そしてもう一つ言えば、明日から私はバイトから昇格に。ほんの少し給料が、そしてたくさんたくさんお仕事が増えた。
多分、きっと、今までのフリーターの曖昧模糊とした自由な生活ともお別れだ。
それなりに覚悟も決めて、私はこの道を選んだ。多分数年は、この場所で頑張るのだ。

周りが別れを惜しむ酒に騒ぐ中、バッグの中にしまった辞令をひっそりと見つめて、私は、ぼんやりと考えた。


ああ、これからの日々は、私は見送る側になるのか、と。


バイトを退職したり、学校を卒業した時の上司や教授、先生の言葉を未だに覚えている。
どの言葉も暖かくて、優しい言葉たちだった。
未だに、落ち込んだ時に支えてくれるような、そんな優しい言葉たちを私は最後に頂いて来た。


私もいつか、あの日の皆様のように、美しい言葉と優しさで、誰かを新しい世界へと押し出してあげることができるでしょうか?


ずっと、そう考えて来た。
いつか私もあんな風に優しい言葉を紡いで誰かの背を押せるような人になりたいと、そう思ってきた。
でも、今日ようやく気づいた。

ああ、あの人たちは、たくさんの人を見送ってきたから見送り慣れていたんだ。

それは、決して適当だとかそういう話じゃない。どの言葉も本心からの暖かさを持っていた。ただ、多くの別れを見送ったからこそ、その想いを表現することが上手くなっていったんだろう。

そうして、私はこれからきっと、旅立つ人にかける言葉を覚えていく。

しばらく私は、見送る側になるのだから。
そうして行くうちに、いつか私も誰かの中で暖かい思い出として残るような、そんな言葉をかける日を迎えるんだろう。
世の中の流れとは、そういうものなのだから。

旅立つのはいつだって若者だ。
どこか老成しているような気がしていて、私にも気づけなかったけど、私にも若い部分がまだ残っていて、そして今日、それを失ったんだと気づく。
その曖昧模糊とした、自由とも呼べないような何かを失うことで、私は誰かを押し出す力を得るんだろう、きっと。

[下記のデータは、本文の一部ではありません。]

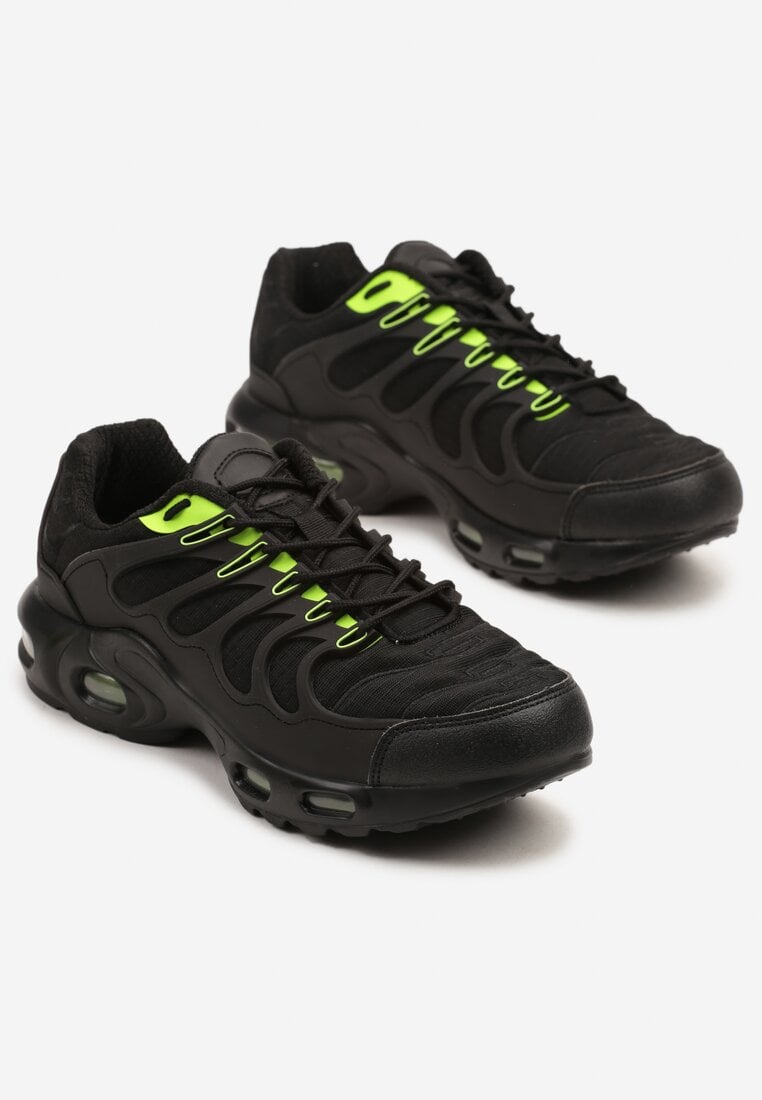 Pantofi sport Negru cu verde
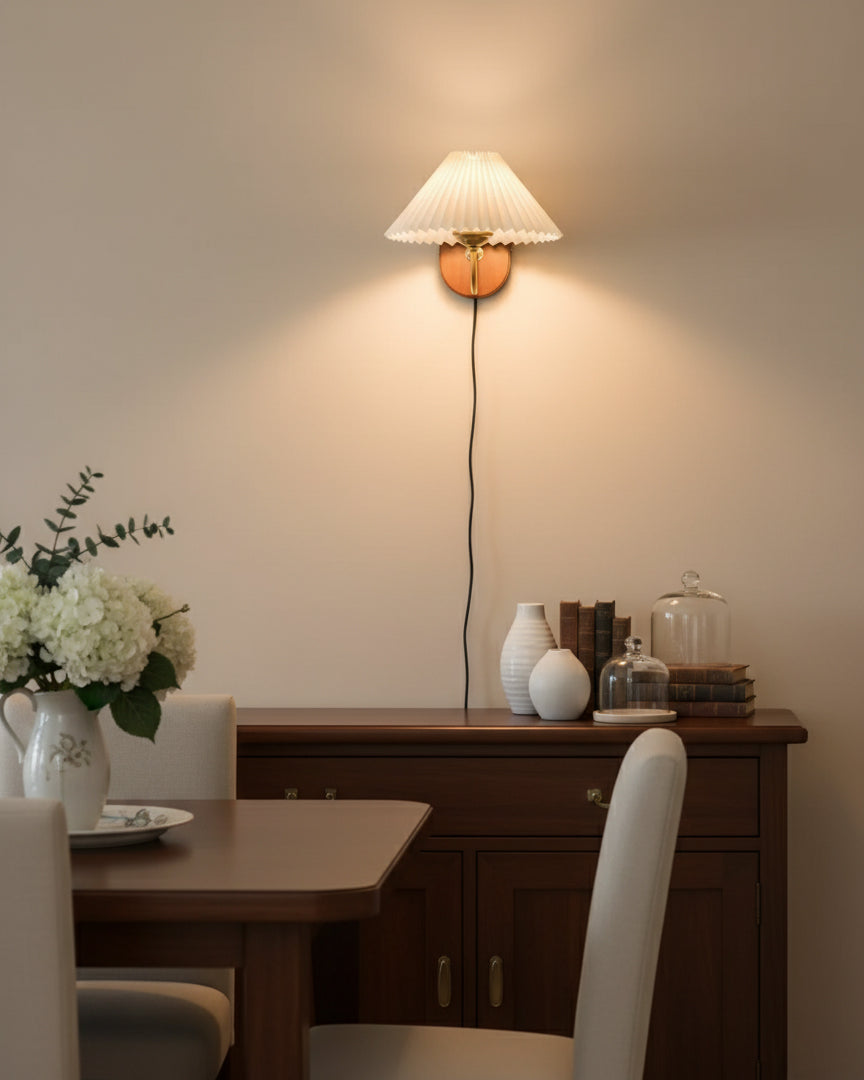 Louise Plug In Wood Wall Lamp — product view 8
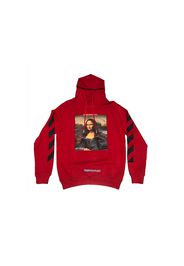 OFF-WHITE Mona Lisa Temperature Hoodie Red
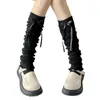جوارب النساء y2k الفتيات اليابانية kawaii boot boot e- 90s الكروشيه الحرارية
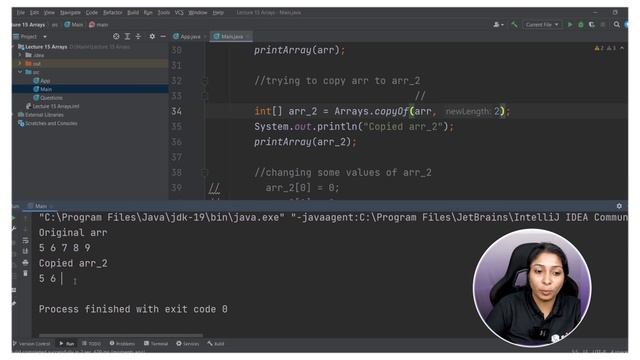 Arrays- 2| Taking Input, Array Reference, Cloning and Copy |Lecture 15| Java & DSA Foundation Cours смотреть онлайн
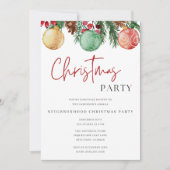 Feestelijk Kerstfeest Buurt Vakantie Party Kaart (Voorkant)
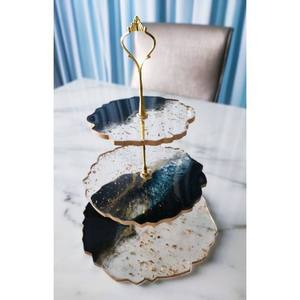 Support à gâteau en résine écologique personnalisable, compatible lave-vaisselle, pour gâteaux d'anniversaire, desserts de mariage, présentation de table de fête, pâtisserie à domicile - Product Image 2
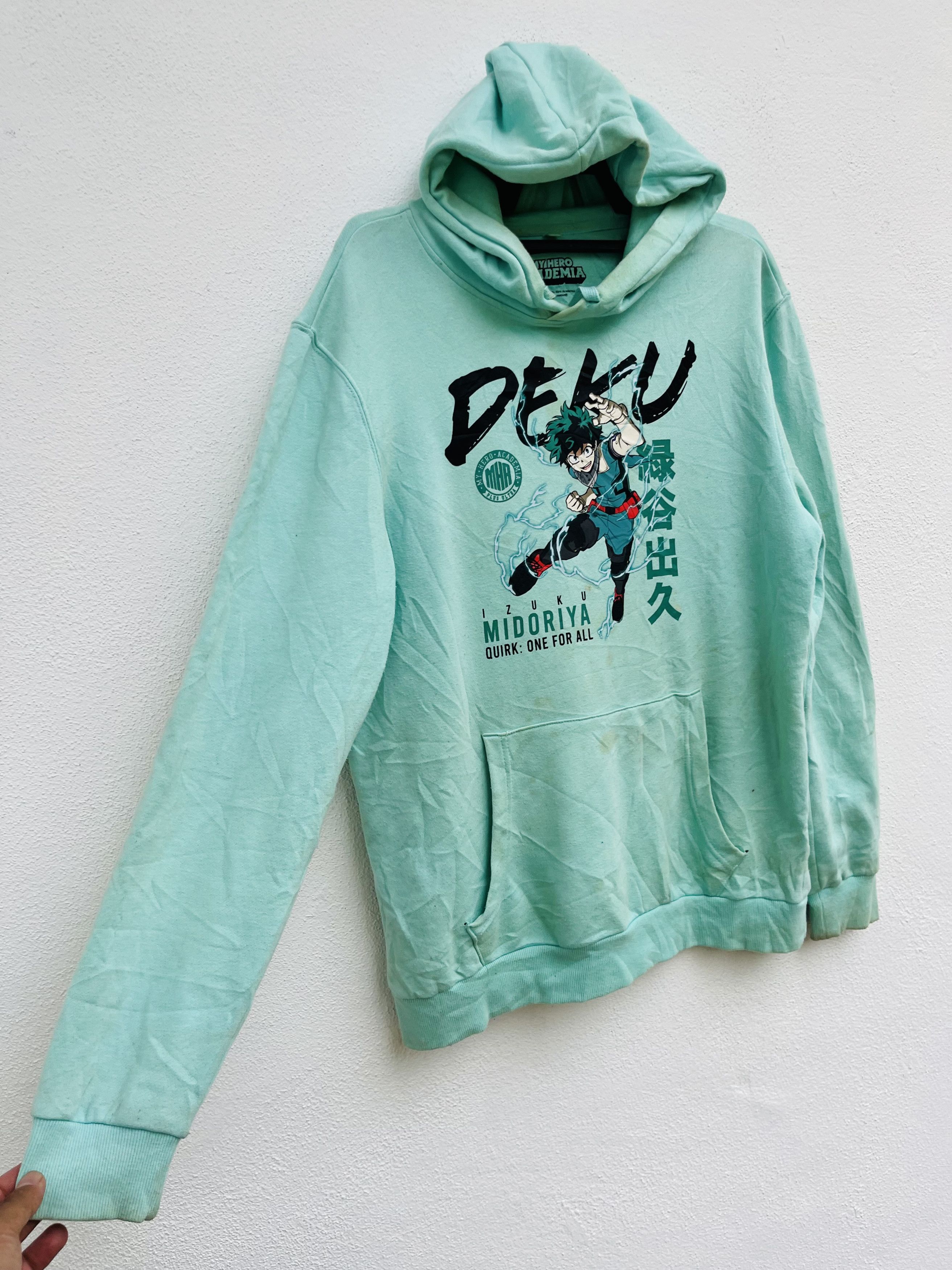Japanese Brand Vintage My Hero Academia Deku Izuku Midoriya Hoodie Size US L / EU 52-54 / 3 - 4 Thumbnail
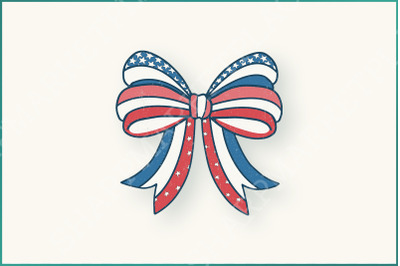 Coquette American Girl PNG&2C; 4th of July Sublimation&2C; USA Flag&2C; Gifts for Girls&2C; American Flag &amp;amp; Pink Bow Design&2C; Freedom Theme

飲み会も終わり、23時の東京の冷えた空気が酔いを覚まして行く。
終電を逃すまいと、まるで高校生の時のようにビルの隙間を駆け抜ける中で私は想う。

まだまだ、別れの言葉に慣れていない私だけれども、今日の別れの中で、私は想いの全てを伝え切れただろうか?
大好きだったみんなに、感謝と励ましの言葉をうまく伝えられただろうか?

きっと、口下手なのも、照れ隠しもきっと何年もこれからも変わらなくて、何年も同じように悩むんだろうとはわかっている。
きっとそういうものが大人になるってことなんだろう。
胸の内でごちゃ混ぜになるいろんなものの上澄みを掬い取り、綺麗にスマートに見せて行く。
そういうことをこれからしていくのだ。
だって、それが大人なのだから。

今はまだ、何もかもが混ぜこぜで、言いたいこともたくさんありすぎてうまく伝えられたかわからないけど。
ただ、シンプルな二つの言葉だけが伝わっていればいいなと、そう思った。

お世話になった先輩方。
仲良くしてくれた、飛行機の中のあの人。
あと、ひっそりと息づいていた子供の私。

 

ありがとう。そして、いってらっしゃい。

 

2017年2月1日0時8分。
いつの間にか東京は日付が変わっていた。
この瞬間から名目上はあの先輩方も移動で、
きっとあの人は空の上。
私もバイトじゃなくなって、また一つ、大人になった。

いつのまにか、日付、変わっちゃったのか。


半蔵門線の車両の中で、私は少し、苦笑いをした。

だってそれはまるで、いつの間にか子供時代を失って、きちんと大人になっていく、私の様子そのもののようだったから。